= Managed Extensions for C++ =

Deprecated CLR extensions for C++ on .NET

Managed Extensions for C++ or Managed C++ is a deprecated set of language extensions for C++, including grammatical and syntactic extensions, keywords and attributes, to bring the C++ syntax and language to the .NET Framework. These extensions were created by Microsoft to allow C++ code to be targeted to the Common Language Runtime (CLR) in the form of managed code, as well as continue to interoperate with native code.

In 2004, the Managed C++ extensions were significantly revised to clarify and simplify syntax and expand functionality to include managed generics. These new extensions were designated C++/CLI and included in Microsoft Visual Studio 2005. The term Managed C++ and the extensions it refers to are thus deprecated and superseded by the new extensions.

== History ==
Microsoft introduced Managed Extensions for C++ in Microsoft Visual C++ 2002 (MSVC++). Microsoft attempted to minimize the deviations between standard C++ and Managed Extensions for C++, resulting in core differences between the two being syntactically obscured. MSVC++ 2003 and 2005 also provided support for writing programs in Managed C++. In 2004, Managed Extensions for C++ was deprecated in favor of C++/CLI, a second attempt by Microsoft at supporting programming for the Common Language Infrastructure using C++.

== Design ==
Managed refers to managed code that it is run in, or managed by, the .NET virtual machine that functions as a sandbox for enhanced security in the form of more runtime checks, such as buffer overrun checks. Additionally, applications written in Managed C++ compile to CIL—Common Intermediate Language—and not directly to native CPU instructions like standard C++ applications do.

Managed C++ code could inter-operate with any other language also targeted for the CLR such as C# and Visual Basic .NET as well as make use of features provided by the CLR such as garbage collection.
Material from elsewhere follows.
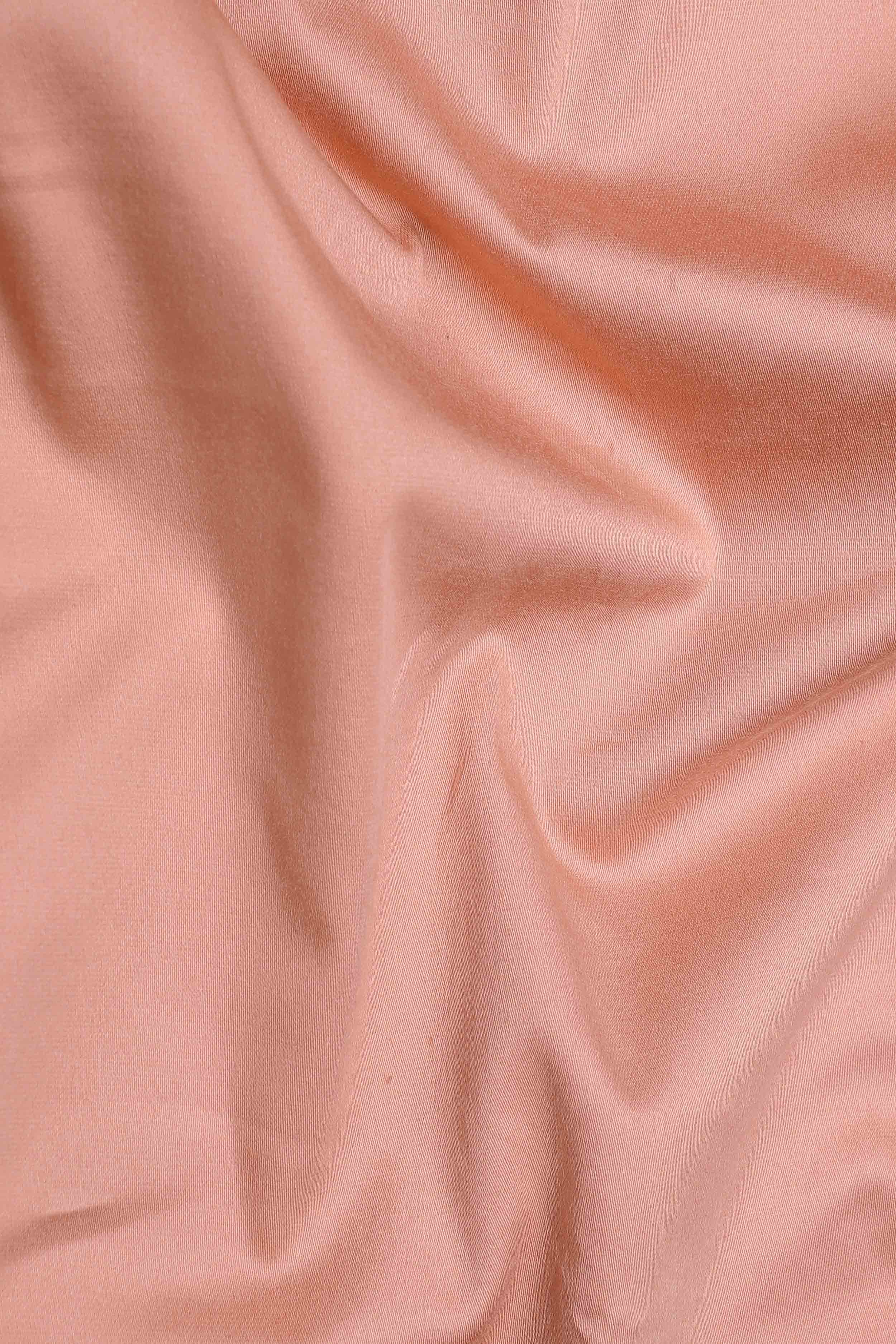 Men Peach Comfort Satin Cotton Casual Shirt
This means Managed C++ occupies a unique position in the gallery of .NET languages. It is the only language that can communicate directly with .NET languages (such as C#, VB.NET) as well as native C++. The other .NET languages can only communicate with C++ code via PInvoke or COM. But since Managed C++ can communicate directly in both managed and standard C++ contexts, it is often used as a "bridge".

== Functionality ==
Programs coded in Managed C++ provide additional functionality of the .NET Framework and the CLR. Most notable of these is garbage collection, which relieves the programmer of manual memory management. The garbage collector (GC) is handled by the CLR. Memory management is executed quite quickly, but for more performance critical applications, native, unmanaged code is most likely the preferred option.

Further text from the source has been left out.